I can answer this for myself easily—you bet I do!—and not just because it's the Tchaikovsky. Repin to me is the finest violinist now before the public. Perhaps I exaggerate. After all, I've heard only two recordings, both in Russian Romantic and post-Romantic repertoire. Technically, he has mastered everything. His tone is full and robust, his intonation dead on, even in the stratosphere and in double- and triple-stops. The technique joins amazing musicianship. Vengerov's tone may be sweeter, and though he plays the violin very well indeed, he doesn't always play the music. With Repin, one gets the feeling of a profound musical sensibility always on the move. He seems to make up his phrasing on the spot. Believe me, this isn't a Tchaikovsky concerto where the soloist predictably hits all the well-known marks. Amazingly, Gergiev and the Kirov match him, hesitation for hesitation, acceleration for acceleration. Reading this, you may get the impression of a musical taffy-pull, but, believe me, it all coheres. The larger structural concerns don't get lost. This is, for example, the only performance I know of where one hears the introductory strains of the second movement each time they come up, including the middle of the movement, where a climactic restatement of the main theme usually buries them. However, analyzing a performance like this can lead to the wrong impression. This is a charged, highly emotional account, not a studious one. It has the surprising advantage of impeccability, even as soloist and orchestra burn down the barn in the finale. I can't recommend the performance strongly enough.
Myaskovsky at this point appears a bit of a cult figure, which means only that the few people who have heard his music like it quite a bit. To some extent, he continues the Tchaikovskian line of Russian music into the Twentieth Century (Myaskovsky died in 1950), and the violin concerto straddles High Romanticism and early Modernism. At times, you think you're hearing Medtner, at others Khachaturian.
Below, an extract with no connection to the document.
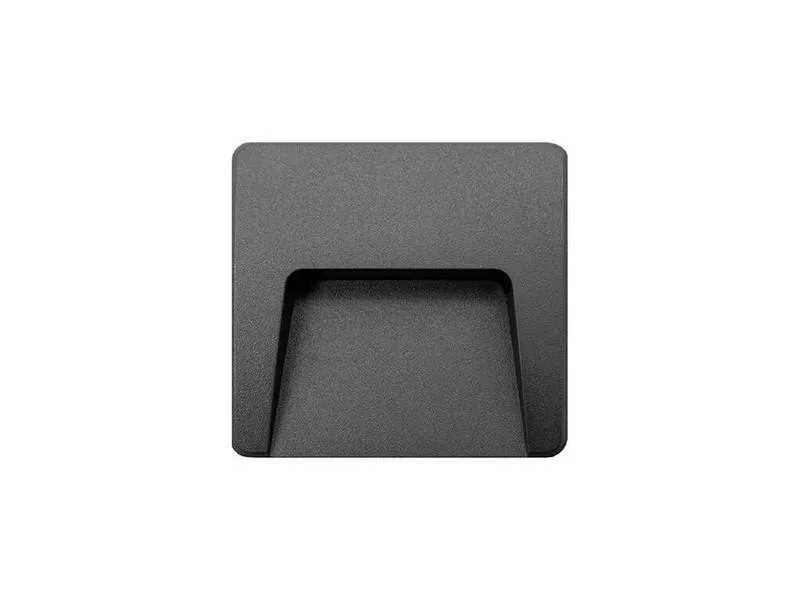 Aplique Led Muro Saliente Preto Quadrado 3w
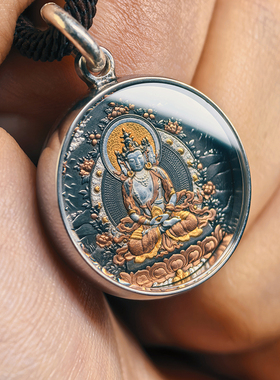 巴赫工作室大日如来唐卡国家非遗手工铁翦金工艺吊坠男女项链圆形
However, Myaskovsky's inspiration doesn't stand out as something particularly individual. On the other hand, it seems (excluding certain occasional pieces) well-made and deeply-felt. I don't especially care for the composer's idiom, but I can see why people like the music. The violin concerto, a big, ambitious work running over half an hour, begins with a huge first movement (more than half the concerto) that aims at symphonic tautness. Myaskovsky uses three main ideas, two of them based on the minor third (or its inverse, the major sixth). To me, it goes on way too long for its material, with at least two large passages that just seem to pass by. On paper, one can see that Myaskovsky thematically relates everything, but rhetorically he seems to have miscalculated. Nevertheless, there's a lot of dark brooding that should appeal to Slavophiles. The slow movement opens with a lovely, sweetly singing theme that alternates with a sorrowful one. It seems to me typical of Myaskovsky's lyricism that sorrow gets more air time, even though the sweet singing ends the movement. The last movement—a rondo—opens with a rhythm sort of a second cousin to the finale of the Sibelius concerto. Here Myaskovsky concentrates at first on solo display, but a lyric episode, moving mainly by chords and introduced by strings, takes one by surprise. This is my favorite moment in the concerto. The conventional notions of what Russian music should sound like go out the window. It's a bit Vaughan Williams-y, as a matter of fact. Myaskovsky knew what he had, because he repeats it whenever he gets the chance. Nevertheless, the concerto ends, as most well-behaved concertos do, with a ramp up of the fireworks.
The sound is fine, but I find myself uneasy with the balance. You will never hear a live soloist dominate an orchestra as Repin does. On the other hand, you can hear Repin tear into climactic passages which normally get covered by an orchestra. Ultimately, I find myself agreeing with the choice Philips made.